12.2 Effect of Termination.
(a) On termination of this Agreement, the transactions contemplated herein shall forthwith be abandoned, except for the provisions set forth in Article XVI, and all continuing obligations and liabilities of the parties under or in connection with this Agreement shall be terminated and of no further force or effect; provided, however, that nothing herein shall relieve any party from liability for any intentional misrepresentation, breach of warranty or breach of covenant contained in this Agreement prior to such termination; and provided further, that within 30 days of termination, Buyer shall certify to Seller that all documents, records or other information provided to Buyer pursuant to this Agreement have been returned to Seller or destroyed.

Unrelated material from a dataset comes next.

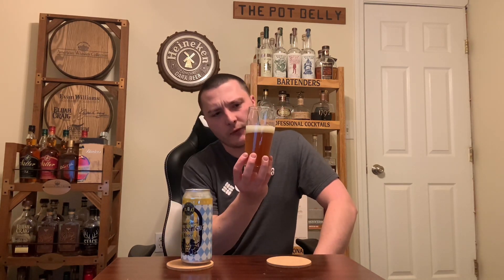Off-white, kind of going towards a khaki-colored head. Produced about two fingers of a frothy, creamy-looking head — kind of sudsy and rocky on top. Holding some good retention, though. Tight-knit bubbles on the side, some effervescence. Yeah, looks pretty good.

(b) On termination of this Agreement, the Title Company shall return to the respective parties all documents delivered to the Title Company by such parties.
ARTICLE XIII
INDEMNIFICATION
INDEMNIFICATION
13.1 Survival of Representations, Warranties and Covenants. All representations and warranties shall survive: indefinitely with respect to any breach of Section 5.1(b) – Authority or Section 5.22 – Brokers and Finders (together, the "Seller's Fundamental Reps"), or Section 6.1 – Power and Authority or Section 6.5 – Brokers and Finders (together, the "Buyer's Fundamental Reps"); five (5) years after the Closing Date with respect to Section 5.16 – Employee Benefits Plan; until the expiration of the applicable statute of limitations with respect to Section 5-8 – Environmental Compliance and Section 5.10 - Tax Matters; and eighteen (18) months after the Closing Date with respect to all other representations and warranties (each a "Survival Date"). All of the covenants contained in this Agreement to be performed or complied with after the Closing Date shall not be subject to any limitation period unless otherwise expressly specified in this Agreement. The right of indemnification or other claims against an Indemnifying Party with respect to claims made prior to the Survival Date shall continue until final resolution of such claim.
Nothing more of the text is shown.